The dynamic tension that is a primary characteristic of Borderlands, “physically present wherever two or more cultures edge each other” (Anzaldúa, Borderlands: La Frontera), is in intense flux in and around the issues of la lengua en la Frontera. Locally, the languages seem to be Spanish and English, but include Chinese, a variety of Middle Eastern languages, and increasingly, the language of technology. In a paper presented at the National Academy of Sciences’ Workshop on the Role of Language in School Learning – Deficits and differences: Perspectives on language and education – Valdéz, MacSwan and Alvarez reviewed the “different worlds” of Second Language Acquisition. Since the workshop focused on what might be done to “close the Achievement Gap,” the underlying framework has an expectation that teaching approaches might be developed to cure the problems.
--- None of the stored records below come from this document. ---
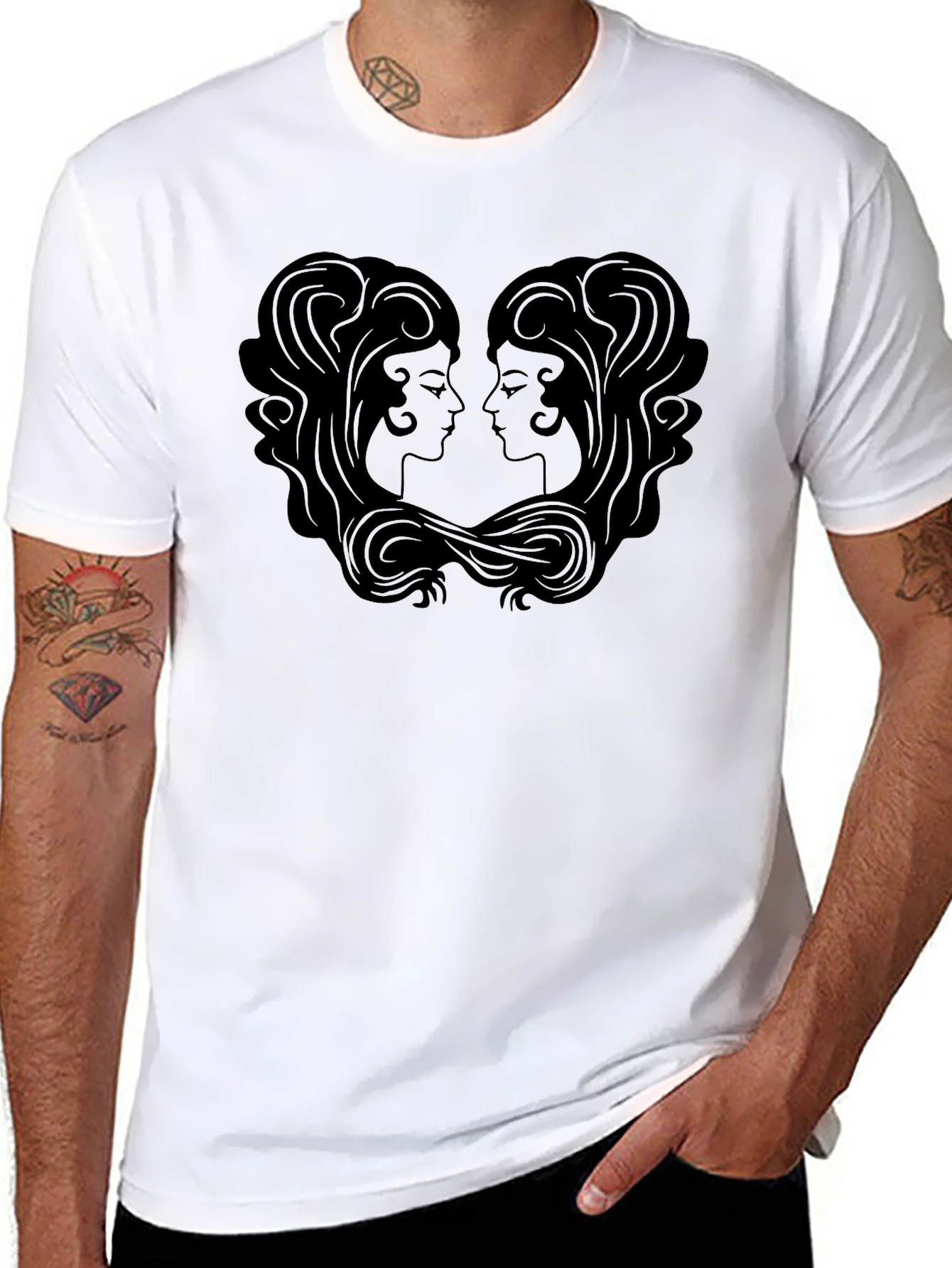 Gemini Silhouette Graphic Tee - Unisex Black T-Shirt
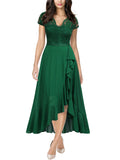 Dark Green Ladies Retro V-Neck Lace Ruffle Design Formal Party Maxi Dress - MIUSOL | Women's Evening Gowns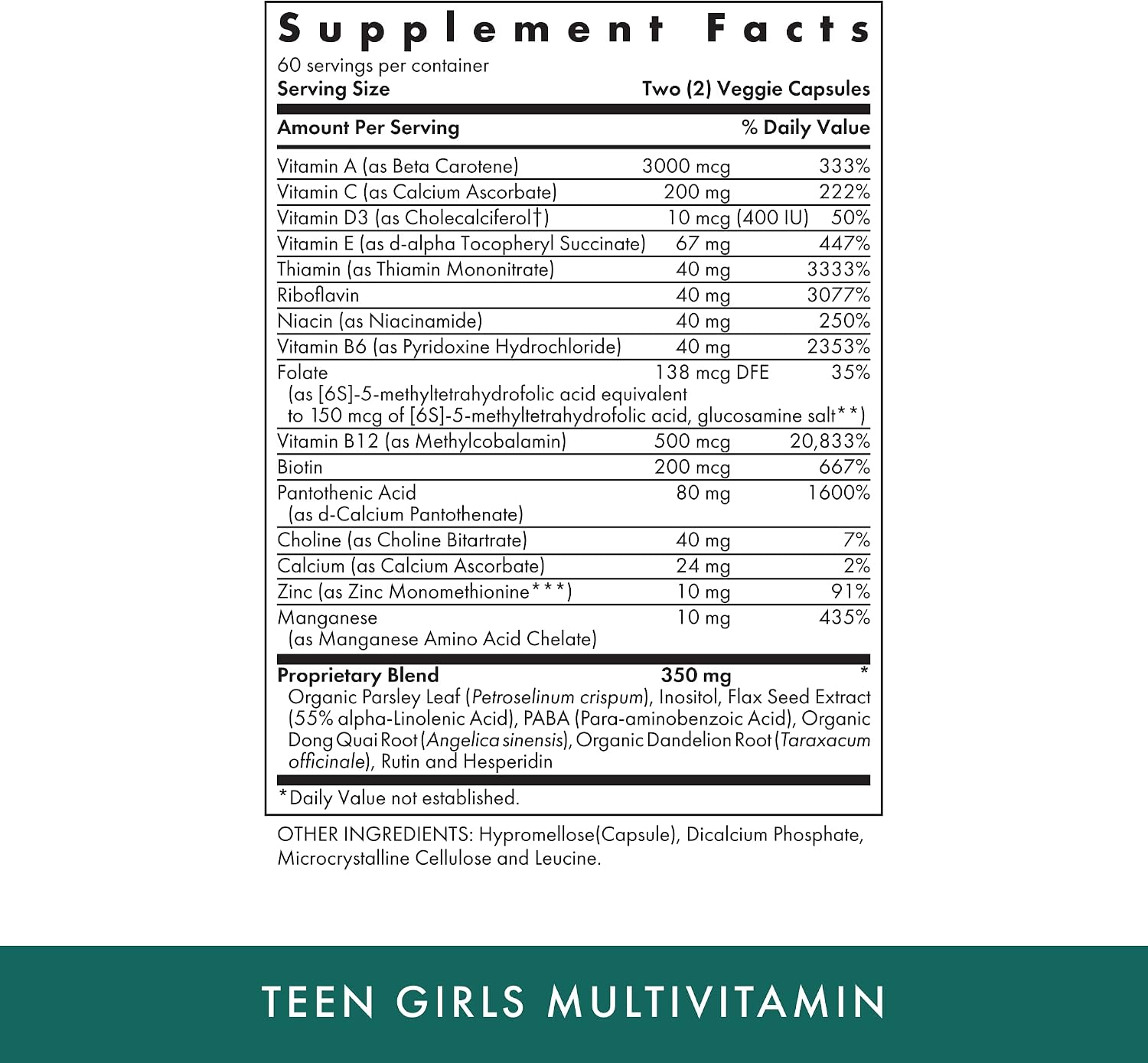 Michael's Health Multivitamínico para Chicas Adolescentes - 120 Cápsulas Vegetarianas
This is in spite of the authors’ free admission that too little is known about how language is acquired and used.
The language learner needs to master vocabularies, pronunciation, grammar, and syntax. They must learn to hear the individual words in a conversation. They need to understand the words, and put them together into ideas. Many second language learners can understand the individual words in sentences and paragraphs, but find themselves totally unable to grasp the big picture.
Work on language acquisition focuses on the differences between learners’ primary and secondary languages. In the U.S. Borderlands, Spanish and Indian languages are frequently characterized as deficit or “less than.” Little research has been focused on how people learn the languages of different disciplines that are frequently and unfortunately called “jargon.” Seen this way, the language of Law is not useful in Chemistry. In the past 20 years, technology has deeply penetrated all levels of society. The problems of creating access – of learning – the technology are particularly extreme in second language acquisition classes. This is because most of the things that the language of technology refers to are “abstract,” not easily represented in concepts common across spoken languages. Thus the important and frequently used tool of language teachers – pointing to things that exist in both languages – is denied them.
An emerging challenge is that Millennial students – those born after 1982 – have a grasp of technology that greatly exceeds that of many of their teachers, resulting in a power configuration that is unfamiliar and frequently discomforting for non-Millennial teachers.